This is the mail archive of the
systemtap@sourceware.org
mailing list for the systemtap project.
Re: [RFC][Patch 1/4] kprobe fast unregistration
- From: "Keshavamurthy, Anil S" <anil dot s dot keshavamurthy at intel dot com>
- To: Masami Hiramatsu <masami dot hiramatsu dot pt at hitachi dot com>
- Cc: Ananth N Mavinakayanahalli <ananth at in dot ibm dot com>, "Keshavamurthy, Anil S" <anil dot s dot keshavamurthy at intel dot com>, Prasanna S Panchamukhi <prasanna at in dot ibm dot com>, linux-kernel <linux-kernel at vger dot kernel dot org>, SystemTAP <systemtap at sources dot redhat dot com>, Satoshi Oshima <soshima at redhat dot com>, Hideo Aoki <haoki at redhat dot com>, Yumiko Sugita <yumiko dot sugita dot yf at hitachi dot com>, "Frank Ch. Eigler" <fche at redhat dot com>, hch at infradead dot org
- Date: Fri, 23 Mar 2007 11:05:27 -0700
- Subject: Re: [RFC][Patch 1/4] kprobe fast unregistration
- References: <4603E7A4.50300@hitachi.com>
- Reply-to: "Keshavamurthy, Anil S" <anil dot s dot keshavamurthy at intel dot com>
On Fri, Mar 23, 2007 at 11:43:48PM +0900, Masami Hiramatsu wrote:
> Hi Ananth,
>
> Here is a series of patches which introduce two kinds of interfaces
> for speeding up unregistering process of kprobes.
>
> Currently, the unregister_*probe() function takes a long time to
> unregister specified probe because it waits the rcu synchronization
> after each unregistration. So we need to introduce new method for
> unregistering a lot of probes at once.
>
> I'd like to suggest introducing following two interfaces for this issue.

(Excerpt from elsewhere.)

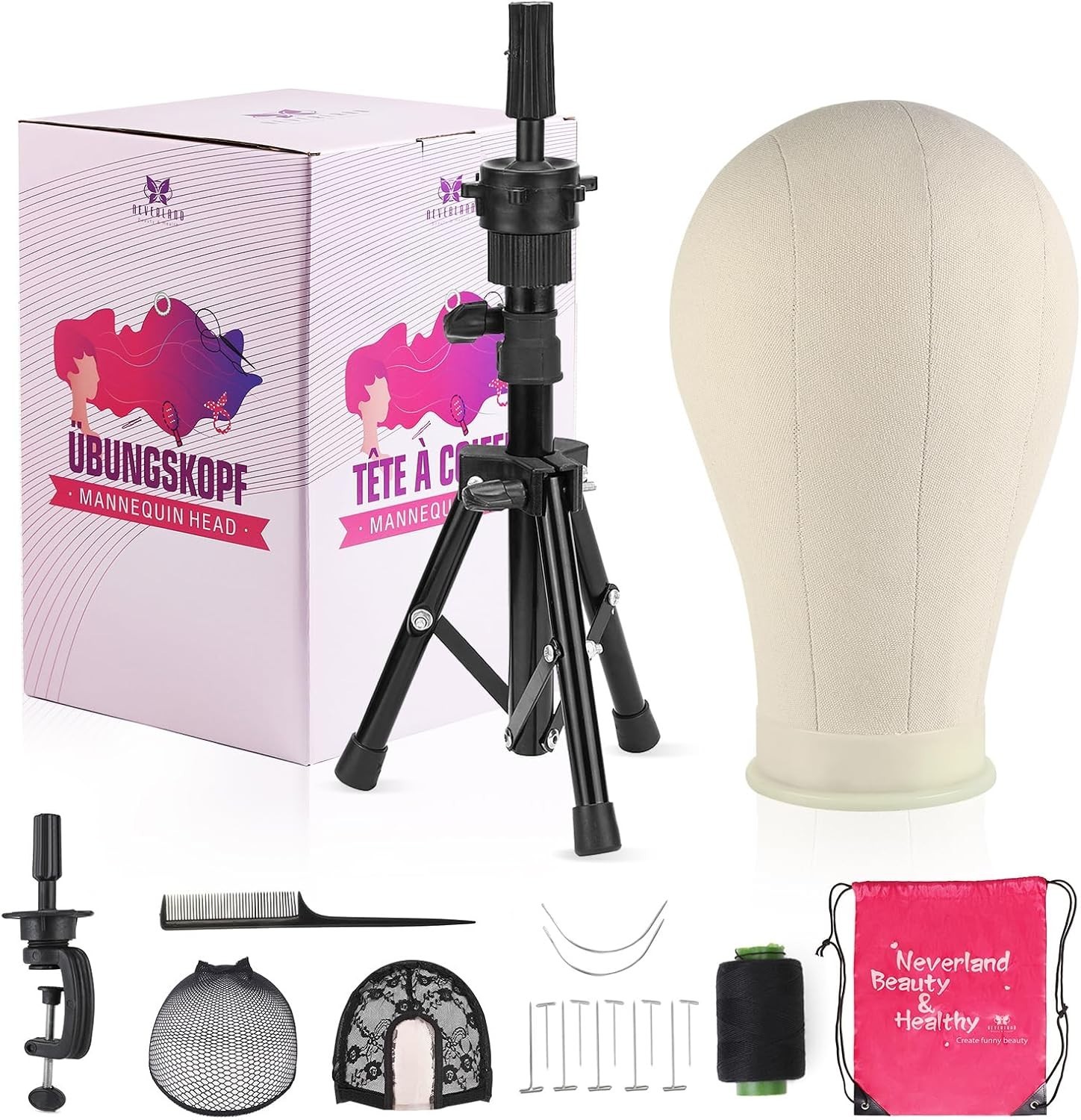 Complete Wig Making Kit: 23-Inch Canvas Head with Tripod & Styling Accessories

> The first interface is unregister_*probe_fast(). This removes
> breakpoint instruction from kernel code and adds specified probe
> to the unregistering list.
> The second interface is commit_kprobes(). This waits the rcu
> synchronization and clean up each probe on the unregistering list.
> This patch also adds a list_head member to the kprobe data structure
> for linking to the unregistering list.
>
> If using these interfaces, the probe handlers of unregistering probes
> might be called after unregister_*probe_fast() is called. So, you MUST
> call commit_kprobes() after calling unregisnter_*probe_fast() for all
> probes.
>
> It is safe even if several threads unregister probes simultaneously,
> because the unregistration process is protected by kprobe_lock mutex.
> If one thread calls commit_kprobes(), it will cleanup not only its probes
> but also the other thread's probes. And it is transparently done.
> If there is no unregistering probes, commit_kprobes() do nothing.
>
I agree with Christop that the interface is horrible and error prone.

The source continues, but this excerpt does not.